5. Roles and regulation of CFTR and Cl transport in lumen formation

While the Na+/K+-ATPase generally provides the driving force for fluid transport in most organs [1], other channels and transporters are also required for lumen formation. Cystic Fibrosis Transmembrane Conductance Regulator (CFTR) is a vertebrate apical Cl and HCO3 channel that functions in concert with the Na+ gradient established by the Na+/K+-ATPase to drive fluid secretion and regulate mucus properties [78]. CFTR function is of great interest biomedically because inactivating mutations are the cause of cystic fibrosis, a life-threatening disease that affects respiratory, gastrointestinal, and urogenital organs [79].

In addition to its roles in human disease, CFTR-dependent fluid transport is also critical for regulating lumen size during development. In the zebrafish embryo, Kupffer’s vesicle (KV), the organ of laterality that controls left-right asymmetry, is a transient fluid-filled cyst-like structure lined by a ciliated epithelium. Lumen formation in KV is critical for establishing asymmetric calcium signaling [80], which depends on cilia motility in the lumen to drive fluid flow [81]. Mutations in cftr impair lumen expansion in KV, but not cilia formation or motility, and results in near randomization of organ laterality [82]. Lumen growth in KV relies on coupled secretion of Na+ and Cl because chemical inhibition of the Na+/K+-ATPase mimics the effect of cftr mutations, while chemical activation of CFTR causes hyper-inflation [82].

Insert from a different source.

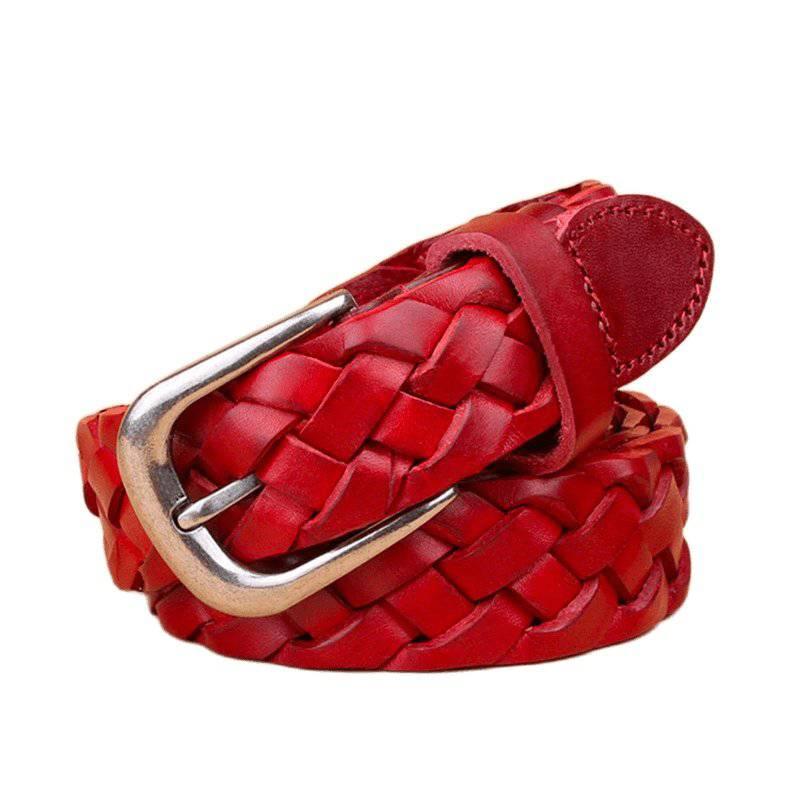 Masui Men's Braided Leather Belt, alternate angle 3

Apical localization of CFTR is essential for its function in Cl and fluid secretion. In KV, lumen growth is associated not only with CFTR-dependent apical fluid secretion but also proliferation. Interestingly, these cell divisions have an important role in targeting Cftr apically. Prior to KV formation, precursor cells arrange into a rosette formation and undergo cell division. During cytokinesis, daughter cells sever midbody remnants at what will form the apical poles underlying the lumen. These midbody fragments seem to establish a polarized domain by recruitment of Rab11, a GTPase critical for apical trafficking. In fact, optogenetic clustering of Rab11 in KV is sufficient to sequester Cftr and inhibit lumen formation [83]. Thus, KV illustrates another way of how newly polarizing cells target membrane proteins asymmetrically during lumen morphogenesis.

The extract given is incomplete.